Speaker Bio: Eugene's relatively short 22+ years in databases took him from Microsoft SQL Server to Google Spanner, Google BigQuery, Snowflake, and, finally, to a Software Architect role at SingleStore. His biggest interests in the RDBMS field have been semi-structured data processing, data replication, distributed query coordination and execution, and, lately, hybrid system architectures that include transactional, analytical and complex event processing in a single database.

Abstract: Data storage formats and also ways a query processor interacts with data structures in different storage tiers is one of the main design areas databases use to add value for customers and become more competitive. In this talk I'll explore SingleStore's proprietary storage formats and indexing techniques. I will also discuss how the data structures are used by the query processor, and illustrate that in many cases indexes and mixed column- and row-centric data representation do not lead to query planning complexity. SingleStore's case is interesting because of the variety of requirements to data storage and access methods, relative maturity and continued investments. SingleStore is a distributed hybrid transactional and analytical database that efficiently supports queries with low, medium and high selectivity, as well as DML with small, sparse and bulk data updates. I'll discuss reasoning for prior design decisions, and report on new unpublished work.

Speaker Bio: Patrick Damme is a postdoc researcher in the DAMS Lab research group at TU Berlin and the BIFOLD in Berlin, Germany. His research interests are centered around database systems, machine learning systems, and techniques for making complex analyses of large data volumes efficient, scalable, and simple. He is one of the main contributors to DAPHNE, an open and extensible system infrastructure for integrated data analysis pipelines, which he started working on in his previous occupation as a postdoc at Graz University of Technology and the co-located Know-Center in Graz, Austria. Patrick received his PhD in computer science from TU Dresden, Germany, where he was a part of the Dresden Database Systems Group.
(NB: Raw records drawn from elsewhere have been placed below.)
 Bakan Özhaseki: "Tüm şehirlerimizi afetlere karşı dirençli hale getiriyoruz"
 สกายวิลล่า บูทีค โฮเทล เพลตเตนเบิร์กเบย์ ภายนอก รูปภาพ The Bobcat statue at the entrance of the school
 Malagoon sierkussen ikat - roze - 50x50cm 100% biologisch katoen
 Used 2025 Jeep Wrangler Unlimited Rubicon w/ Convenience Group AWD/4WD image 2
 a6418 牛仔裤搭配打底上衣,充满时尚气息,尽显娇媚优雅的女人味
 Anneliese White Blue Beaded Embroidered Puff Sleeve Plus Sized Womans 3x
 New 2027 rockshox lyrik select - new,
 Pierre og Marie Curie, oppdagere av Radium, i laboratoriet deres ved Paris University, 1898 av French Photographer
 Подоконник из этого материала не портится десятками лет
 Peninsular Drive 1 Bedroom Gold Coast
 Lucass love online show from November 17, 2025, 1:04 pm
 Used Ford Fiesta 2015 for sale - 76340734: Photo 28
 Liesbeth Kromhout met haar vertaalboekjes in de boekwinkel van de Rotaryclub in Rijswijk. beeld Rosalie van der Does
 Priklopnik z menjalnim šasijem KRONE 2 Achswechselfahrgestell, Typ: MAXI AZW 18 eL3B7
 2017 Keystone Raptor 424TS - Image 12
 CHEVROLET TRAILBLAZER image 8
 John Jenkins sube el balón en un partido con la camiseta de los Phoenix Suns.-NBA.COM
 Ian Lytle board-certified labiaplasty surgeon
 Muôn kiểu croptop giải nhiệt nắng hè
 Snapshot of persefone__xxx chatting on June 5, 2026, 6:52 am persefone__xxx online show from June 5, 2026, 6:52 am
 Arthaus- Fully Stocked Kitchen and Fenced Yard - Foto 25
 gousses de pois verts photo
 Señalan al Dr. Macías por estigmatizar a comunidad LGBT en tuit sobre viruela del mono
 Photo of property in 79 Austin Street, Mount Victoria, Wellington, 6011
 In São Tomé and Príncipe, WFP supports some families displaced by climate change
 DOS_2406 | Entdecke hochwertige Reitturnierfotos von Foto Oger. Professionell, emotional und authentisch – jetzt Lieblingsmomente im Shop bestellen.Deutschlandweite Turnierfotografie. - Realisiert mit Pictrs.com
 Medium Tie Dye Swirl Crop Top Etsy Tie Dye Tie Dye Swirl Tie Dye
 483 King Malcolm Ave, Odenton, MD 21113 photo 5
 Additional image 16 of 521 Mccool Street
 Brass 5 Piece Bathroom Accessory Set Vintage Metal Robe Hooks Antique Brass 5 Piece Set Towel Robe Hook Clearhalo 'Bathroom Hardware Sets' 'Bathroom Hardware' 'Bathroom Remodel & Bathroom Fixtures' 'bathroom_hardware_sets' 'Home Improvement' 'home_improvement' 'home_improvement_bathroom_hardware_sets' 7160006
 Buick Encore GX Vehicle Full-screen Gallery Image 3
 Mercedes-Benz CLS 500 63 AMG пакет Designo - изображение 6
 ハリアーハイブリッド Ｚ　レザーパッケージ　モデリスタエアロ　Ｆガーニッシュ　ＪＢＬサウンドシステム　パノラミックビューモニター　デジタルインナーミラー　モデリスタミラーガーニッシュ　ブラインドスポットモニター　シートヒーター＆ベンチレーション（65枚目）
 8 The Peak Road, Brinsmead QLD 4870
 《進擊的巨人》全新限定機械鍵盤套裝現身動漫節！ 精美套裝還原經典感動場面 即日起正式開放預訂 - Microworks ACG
Abstract: Integrated data analysis (IDA) pipelines combining data management and query processing, machine learning, and high-performance computing become increasingly important in practice. Deploying IDA pipelines is cumbersome and quickly leads to overheads and hardware under-utilization due to the suboptimal integration of existing systems. At the same time, today’s hardware challenges lead to increasing specialization in terms of compute and storage devices as well as the data representation, which further complicates the deployment. To address these issues, in the DAPHNE project, we build an open and extensible system infrastructure for IDA pipelines, aiming for increased productivity and performance. End users define IDA pipelines in a domain-specific language offering a unified experience over relational and linear algebra, augmented by high-level data science primitives. Internally, an IDA pipeline runs through an optimizing compiler and is efficiently executed in local or distributed environments exploiting heterogeneous hardware and computational storage. Researchers may easily extend many aspects of DAPHNE including custom data representations, operator kernels, optimizer passes, and runtime schedulers to experiment with new specialized approaches in a full-fledged system. In this talk, I will give an overview of our ongoing work in DAPHNE and on its holistic extensibility in particular.